Total sales volumes for the Potash segment are expected to range from 2.0 to 2.3 million tonnes for the second quarter of 2017, compared to 2.0 million tonnes last year. Mosaic’s realized MOP price, FOB plant, is estimated to range from $170 to $185 per tonne. Mosaic’s gross margin rate in the segment is expected to be in the low 20 percent range. The operating rate is expected to be in the low 90 percent range.
Total sales volumes for the International Distribution segment are expected to range from 1.4 to 1.7 million tonnes for the second quarter of 2017, compared to 1.4 million tonnes last year. The segment gross margin per tonne is estimated to be approximately $20.
For calendar 2017, Mosaic’s full year estimates remain unchanged. Mosaic estimates:
SG&A expenses to range from $295 to $310 million.
Canadian resource taxes to range from $85 to $135 million.
Brine management costs to range from $160 to $180 million.
Capital expenditures in the range of $800 to $900 million and equity investments in MWSPC of approximately $150 million.
Full-year effective tax rate to be in the upper single digits.
Phosphates sales volumes in the range of 9.5 to 10.25 million tonnes.




Potash sales volumes in the range of 8.0 to 8.75 million tonnes.
International Distribution sales volumes in the range of 7.0 to 7.5 million tonnes.
About The Mosaic Company
The Mosaic Company is one of the world's leading producers and marketers of concentrated phosphate and potash crop nutrients. Mosaic is a single source provider of phosphate and potash fertilizers and feed ingredients for the global agriculture industry. More information on the Company is available at www.mosaicco.com.

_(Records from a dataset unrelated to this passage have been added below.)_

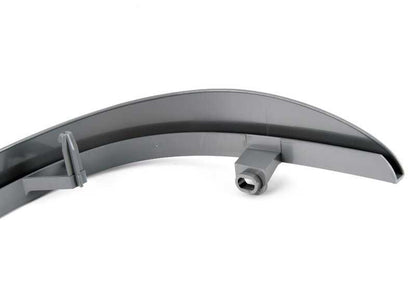 Embellecedor asiento delantero OEM 52108235778 para BMW E46, E53. Original BMW.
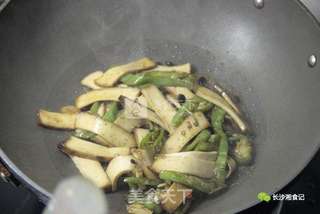 青椒炒香干|湘食记美食的做法步骤:5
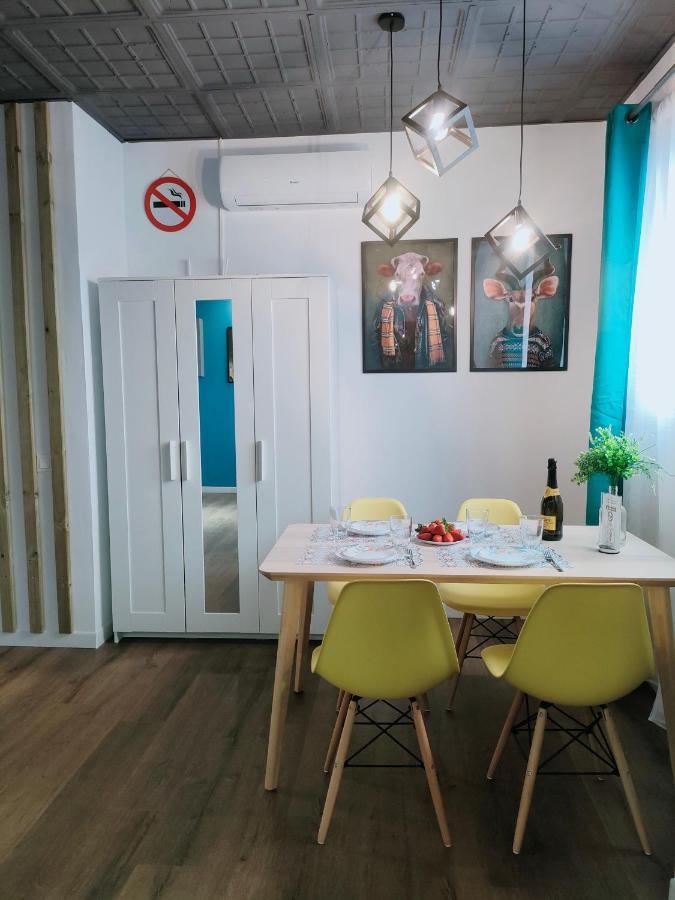 Lol Apartment Alicante Luaran gambar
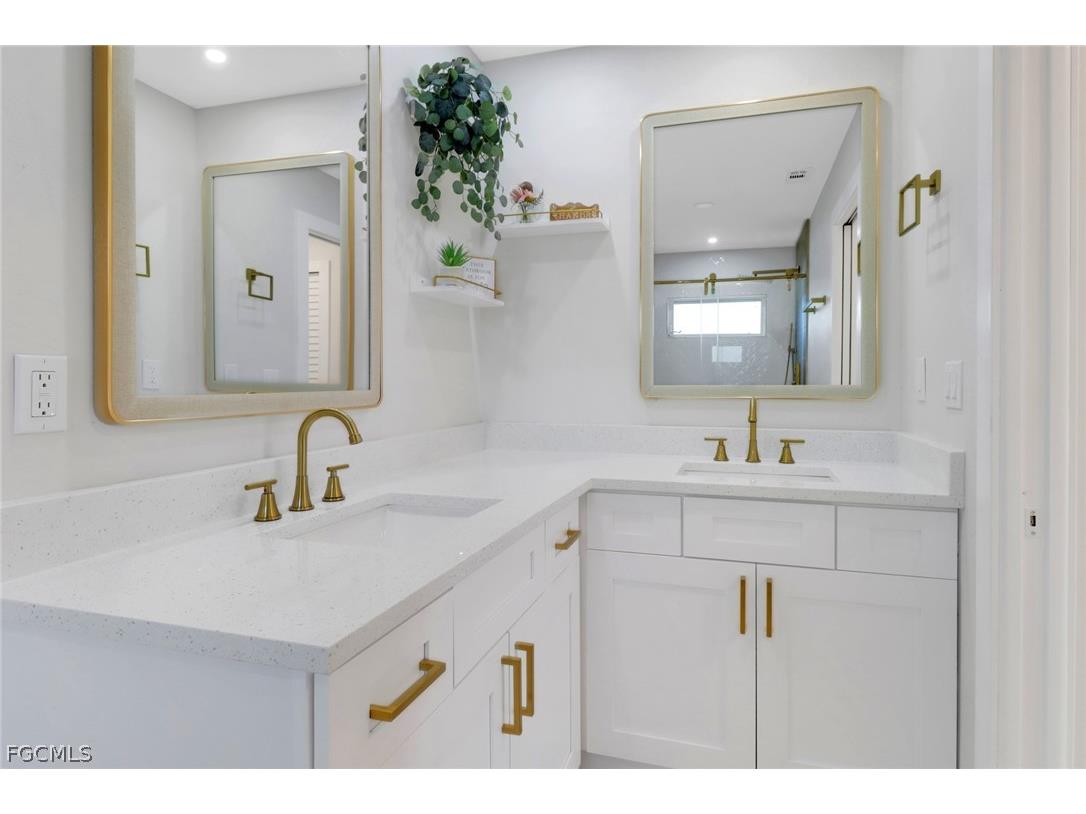 814 Victoria Drive Cape Coral FL 33904 2026010010 image14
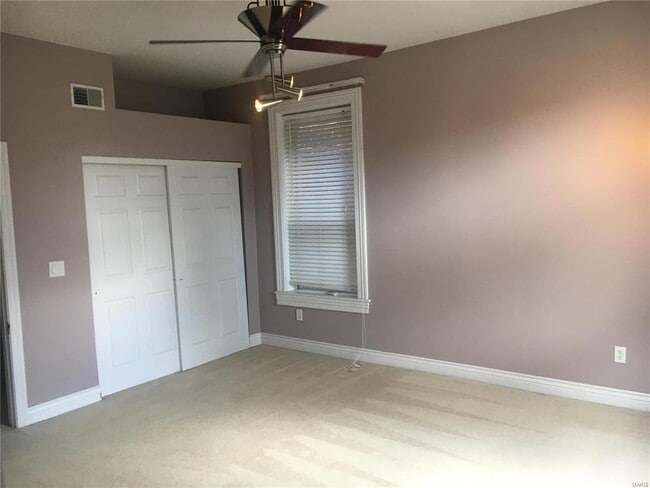Building Photo - Beautiful home within walking distance to ...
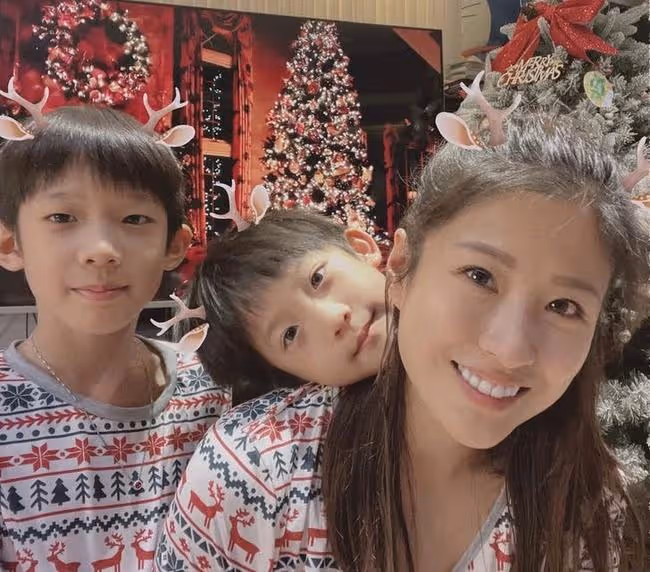 洪金寶兒媳豪宅開派對,婆婆罕露面心情好,祖孫三代穿同款太溫馨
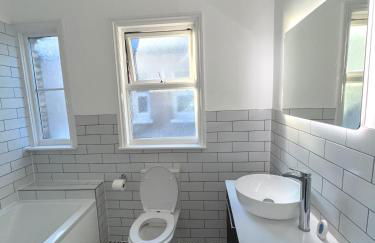 Modern Spacious 4 Bedroom Home in Greater Ldn With Garden & Parking - Photo 15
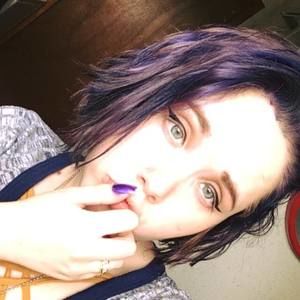 Meet your Posher, Halie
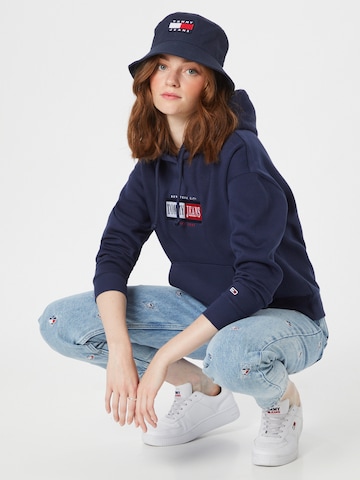 Tommy Jeans كنزة رياضية بلون أزرق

Mosaic will conduct a conference call on Tuesday, May 2, 2017, at 9:00 a.m. EDT to discuss first quarter 2017 earnings results as well as global markets and trends. Presentation slides and a simultaneous webcast of the conference call may be accessed through Mosaic’s website at www.mosaicco.com/investors. This webcast will be available up to one year from the time of the earnings call.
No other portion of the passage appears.